[Collected data]
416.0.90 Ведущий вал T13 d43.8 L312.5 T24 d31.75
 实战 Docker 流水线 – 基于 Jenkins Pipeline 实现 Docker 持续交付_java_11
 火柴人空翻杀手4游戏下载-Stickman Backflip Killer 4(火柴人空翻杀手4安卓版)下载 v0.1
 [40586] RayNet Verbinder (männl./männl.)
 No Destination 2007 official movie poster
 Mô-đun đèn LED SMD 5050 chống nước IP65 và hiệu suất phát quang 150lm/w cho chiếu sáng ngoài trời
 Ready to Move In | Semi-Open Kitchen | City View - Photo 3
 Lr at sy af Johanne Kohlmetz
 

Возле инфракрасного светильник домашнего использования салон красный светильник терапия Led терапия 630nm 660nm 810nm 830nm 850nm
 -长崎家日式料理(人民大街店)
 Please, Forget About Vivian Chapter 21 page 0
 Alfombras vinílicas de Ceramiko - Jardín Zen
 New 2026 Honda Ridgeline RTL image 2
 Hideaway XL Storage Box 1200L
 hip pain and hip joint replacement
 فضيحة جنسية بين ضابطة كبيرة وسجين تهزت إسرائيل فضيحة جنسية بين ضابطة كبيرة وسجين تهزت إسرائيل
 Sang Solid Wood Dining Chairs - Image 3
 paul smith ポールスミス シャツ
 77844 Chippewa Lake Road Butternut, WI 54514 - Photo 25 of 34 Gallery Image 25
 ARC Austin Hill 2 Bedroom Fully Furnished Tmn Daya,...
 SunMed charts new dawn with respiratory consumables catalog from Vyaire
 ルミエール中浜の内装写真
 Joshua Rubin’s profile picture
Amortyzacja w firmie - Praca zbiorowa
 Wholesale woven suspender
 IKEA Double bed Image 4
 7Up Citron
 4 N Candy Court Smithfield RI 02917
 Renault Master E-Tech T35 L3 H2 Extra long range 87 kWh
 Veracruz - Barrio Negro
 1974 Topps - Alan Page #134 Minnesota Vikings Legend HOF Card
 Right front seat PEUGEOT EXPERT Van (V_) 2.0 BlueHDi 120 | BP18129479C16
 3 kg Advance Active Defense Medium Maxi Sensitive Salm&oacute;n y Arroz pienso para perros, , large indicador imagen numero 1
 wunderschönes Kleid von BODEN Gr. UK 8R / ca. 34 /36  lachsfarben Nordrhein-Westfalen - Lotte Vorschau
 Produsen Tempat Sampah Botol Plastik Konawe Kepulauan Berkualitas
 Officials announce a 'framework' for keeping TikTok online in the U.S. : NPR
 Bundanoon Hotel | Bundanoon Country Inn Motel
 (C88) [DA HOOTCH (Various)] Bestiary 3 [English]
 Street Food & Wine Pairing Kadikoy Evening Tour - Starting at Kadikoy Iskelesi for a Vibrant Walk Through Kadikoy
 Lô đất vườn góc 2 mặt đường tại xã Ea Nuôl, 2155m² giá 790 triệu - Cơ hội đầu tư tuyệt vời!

* [Task to complete] Could you copy exactly the lines from the one containing "3 kg Advance" through the end of the records above, and nothing more?

* [Solved problem]
 3 kg Advance Active Defense Medium Maxi Sensitive Salm&oacute;n y Arroz pienso para perros, , large indicador imagen numero 1
 wunderschönes Kleid von BODEN Gr. UK 8R / ca. 34 /36  lachsfarben Nordrhein-Westfalen - Lotte Vorschau
 Produsen Tempat Sampah Botol Plastik Konawe Kepulauan Berkualitas
 Officials announce a 'framework' for keeping TikTok online in the U.S. : NPR
 Bundanoon Hotel | Bundanoon Country Inn Motel
 (C88) [DA HOOTCH (Various)] Bestiary 3 [English]
 Street Food & Wine Pairing Kadikoy Evening Tour - Starting at Kadikoy Iskelesi for a Vibrant Walk Through Kadikoy
 Lô đất vườn góc 2 mặt đường tại xã Ea Nuôl, 2155m² giá 790 triệu - Cơ hội đầu tư tuyệt vời!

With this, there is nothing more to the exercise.